Von Turbulenzen geprägt ist das Leben von Ernst auch, weil er zwei Weltkriege erlebt, in die USA flüchtet, mit seinem Schaffen Grenzen brechen und sich widersetzen möchte. Ernst gründet in Köln eine Dadaismus-Gruppe, schließt sich in Paris den Surrealisten an. »Er wolle keine Kunst schaffen, er wolle erneuern. Er sehe sich nicht als Könner, als Meister oder Genie, sondern als jemand, der alles in Frage stelle, was man als gegeben ansehe.
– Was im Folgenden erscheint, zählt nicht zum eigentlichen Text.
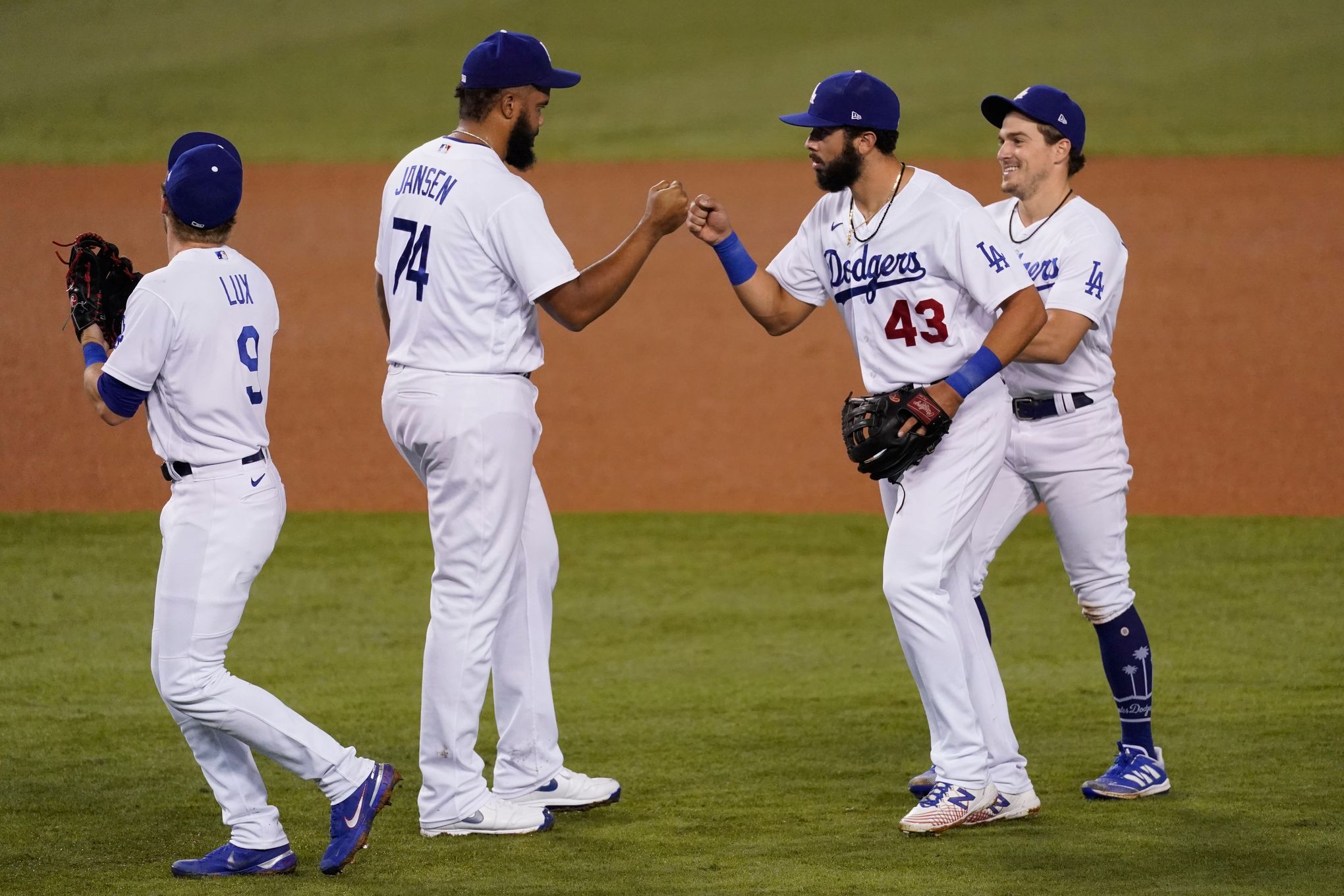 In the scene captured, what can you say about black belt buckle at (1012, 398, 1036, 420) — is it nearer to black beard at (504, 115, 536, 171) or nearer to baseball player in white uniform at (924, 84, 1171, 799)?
baseball player in white uniform at (924, 84, 1171, 799)

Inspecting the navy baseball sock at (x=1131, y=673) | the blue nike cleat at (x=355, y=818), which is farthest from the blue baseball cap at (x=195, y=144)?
the navy baseball sock at (x=1131, y=673)

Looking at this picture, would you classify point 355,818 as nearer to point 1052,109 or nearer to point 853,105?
point 853,105

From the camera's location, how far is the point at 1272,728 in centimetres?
520

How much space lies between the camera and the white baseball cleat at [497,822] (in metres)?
4.15

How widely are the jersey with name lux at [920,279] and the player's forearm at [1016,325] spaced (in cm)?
3

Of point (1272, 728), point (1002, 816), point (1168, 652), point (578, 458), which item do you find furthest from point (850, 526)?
point (1002, 816)

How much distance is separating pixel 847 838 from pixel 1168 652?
2.75m

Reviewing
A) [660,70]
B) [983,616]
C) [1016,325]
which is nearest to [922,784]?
[983,616]

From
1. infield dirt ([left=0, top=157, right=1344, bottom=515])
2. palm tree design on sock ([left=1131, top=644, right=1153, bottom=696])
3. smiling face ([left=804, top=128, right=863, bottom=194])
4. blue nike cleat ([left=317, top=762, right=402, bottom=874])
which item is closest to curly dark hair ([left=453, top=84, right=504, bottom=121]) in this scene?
smiling face ([left=804, top=128, right=863, bottom=194])

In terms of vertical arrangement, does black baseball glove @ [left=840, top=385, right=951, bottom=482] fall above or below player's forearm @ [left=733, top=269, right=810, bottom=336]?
below

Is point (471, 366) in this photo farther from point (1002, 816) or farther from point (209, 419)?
point (1002, 816)

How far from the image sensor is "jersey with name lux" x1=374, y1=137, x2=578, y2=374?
3996 mm

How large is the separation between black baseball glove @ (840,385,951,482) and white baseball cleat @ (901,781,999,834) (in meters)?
0.84

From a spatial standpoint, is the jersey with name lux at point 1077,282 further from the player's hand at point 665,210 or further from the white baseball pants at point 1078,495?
Answer: the player's hand at point 665,210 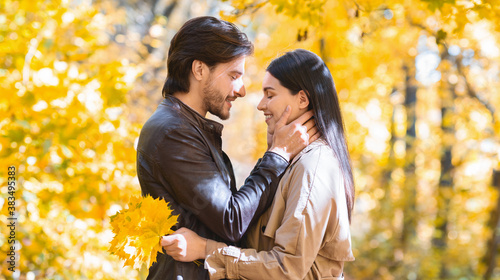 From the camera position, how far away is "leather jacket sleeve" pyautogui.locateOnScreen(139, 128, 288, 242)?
6.31 feet

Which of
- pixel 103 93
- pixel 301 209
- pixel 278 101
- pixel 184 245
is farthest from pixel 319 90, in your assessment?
pixel 103 93

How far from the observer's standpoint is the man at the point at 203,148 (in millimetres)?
1952

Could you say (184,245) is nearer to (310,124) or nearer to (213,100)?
(213,100)

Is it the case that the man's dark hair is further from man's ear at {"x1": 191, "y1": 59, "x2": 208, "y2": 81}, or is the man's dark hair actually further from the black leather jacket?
the black leather jacket

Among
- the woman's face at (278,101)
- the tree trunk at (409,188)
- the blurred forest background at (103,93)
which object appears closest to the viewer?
the woman's face at (278,101)

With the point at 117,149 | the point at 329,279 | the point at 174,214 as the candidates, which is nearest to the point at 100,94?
the point at 117,149

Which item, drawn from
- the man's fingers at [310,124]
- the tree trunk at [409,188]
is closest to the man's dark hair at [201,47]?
the man's fingers at [310,124]

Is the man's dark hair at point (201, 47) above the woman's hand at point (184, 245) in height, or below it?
above

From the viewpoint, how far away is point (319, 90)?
225 cm

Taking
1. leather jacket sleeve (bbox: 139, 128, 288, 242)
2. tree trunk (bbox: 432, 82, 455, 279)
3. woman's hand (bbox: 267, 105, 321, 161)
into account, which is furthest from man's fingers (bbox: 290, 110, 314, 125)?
tree trunk (bbox: 432, 82, 455, 279)

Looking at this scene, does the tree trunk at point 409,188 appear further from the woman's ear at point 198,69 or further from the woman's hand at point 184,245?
the woman's hand at point 184,245

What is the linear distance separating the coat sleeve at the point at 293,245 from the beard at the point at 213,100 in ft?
1.83

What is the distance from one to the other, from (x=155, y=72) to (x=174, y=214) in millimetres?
6010

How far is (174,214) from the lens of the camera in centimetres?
203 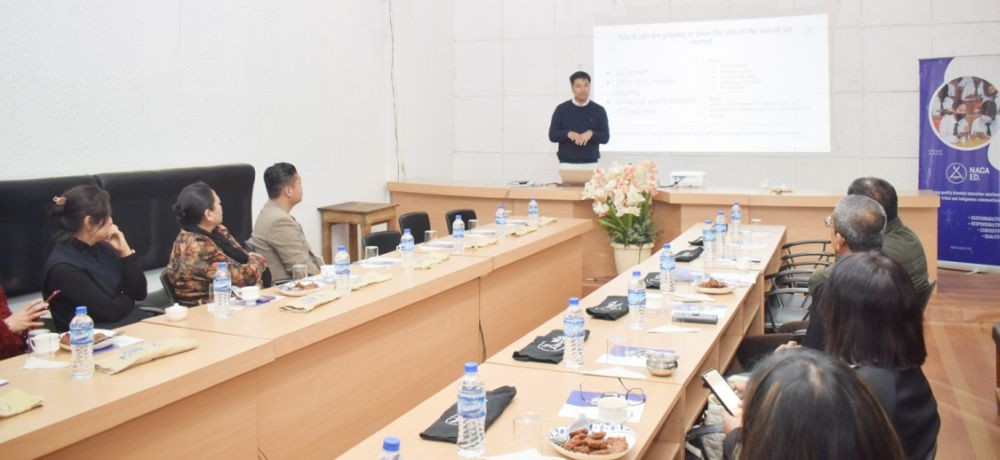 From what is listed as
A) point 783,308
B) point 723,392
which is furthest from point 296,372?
point 783,308

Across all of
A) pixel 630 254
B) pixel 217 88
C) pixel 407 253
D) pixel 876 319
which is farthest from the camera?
pixel 630 254

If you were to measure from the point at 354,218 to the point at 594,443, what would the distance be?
16.8 ft

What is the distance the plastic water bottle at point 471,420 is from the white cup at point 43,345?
153cm

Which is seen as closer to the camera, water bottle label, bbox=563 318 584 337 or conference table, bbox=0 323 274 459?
conference table, bbox=0 323 274 459

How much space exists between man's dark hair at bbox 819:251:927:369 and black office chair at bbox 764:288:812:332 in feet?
6.66

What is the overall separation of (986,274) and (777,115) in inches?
94.2

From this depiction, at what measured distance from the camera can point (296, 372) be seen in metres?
3.19

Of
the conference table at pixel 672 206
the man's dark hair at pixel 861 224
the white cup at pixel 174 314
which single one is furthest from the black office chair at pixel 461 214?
the man's dark hair at pixel 861 224

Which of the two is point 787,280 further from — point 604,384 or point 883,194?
point 604,384

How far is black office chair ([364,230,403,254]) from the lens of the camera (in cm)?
521

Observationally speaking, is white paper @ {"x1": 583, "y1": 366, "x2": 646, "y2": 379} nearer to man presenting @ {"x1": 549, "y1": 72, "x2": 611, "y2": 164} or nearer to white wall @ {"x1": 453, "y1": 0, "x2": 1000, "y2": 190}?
man presenting @ {"x1": 549, "y1": 72, "x2": 611, "y2": 164}

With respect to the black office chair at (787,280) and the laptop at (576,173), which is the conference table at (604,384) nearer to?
the black office chair at (787,280)

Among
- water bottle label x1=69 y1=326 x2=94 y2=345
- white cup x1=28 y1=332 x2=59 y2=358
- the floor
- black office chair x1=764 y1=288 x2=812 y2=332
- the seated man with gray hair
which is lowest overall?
the floor

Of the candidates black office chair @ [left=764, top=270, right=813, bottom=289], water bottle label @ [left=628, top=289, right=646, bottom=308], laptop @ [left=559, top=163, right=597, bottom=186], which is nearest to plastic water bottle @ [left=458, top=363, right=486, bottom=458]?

Ein Rebell gegen Etabliertes, Kanonisiertes, gegen die Macht der Gewohnheit.« Und Ernst, ein Bohemien, strebt das »L’art pour l’art-Prinzip« (die Kunst um der Kunst willen) an: frei von kommerziellen Zwecken einfach nur Kunst entstehen lassen.

Markus Orths gewährt nicht nur Einblicke in die Biografie von Ernst, er spiegelt auch Eindrücke einer künstlerischen Epoche wider, die von Aufbrüchen lebt. Herrlich sind zum Beispiel die Pariser Kaffeehaus-Kultur oder die Experimente der Surrealisten beschrieben. Orths behandelt neben Ernst auch andere Kreative, Pablo Picasso oder Salvador Dalí tauchen wie viele andere ebenfalls auf. »Max« ist nicht nur ein Werk über Max Ernst, sondern über die Kunst-Szene des 20. Jahrhunderts. Sprachlich befindet sich der Autor ohnehin auf einem extrem hohen Niveau. Es lohnt sich dieses Buch nur wegen der Sprache zu lesen, weil sie so flexibel, manchmal Dada oder einfach nur verspielt ist.

Orths schildert das Leben einer Person, die gerne ein Vogel gewesen wäre und dann den lästigen Käfig seines Körpers abgestreift hätte. Und obwohl ich, wie anfangs beschrieben, weniger als andere mit Kunstwerken anfangen kann, nur kurz vor Gemälden verharre – mit diesem Stück hier hätte ich mich noch viel, viel länger beschäftigen können.

[Buchinformationen: Orths, Markus (August 2017): Max. Hanser Verlag. 576 Seiten. ISBN 978-3-446-25649-1.]

[Weitere Rezensionen auf Literatur leuchtet, Zeichen & Zeiten oder Zeilensprünge.]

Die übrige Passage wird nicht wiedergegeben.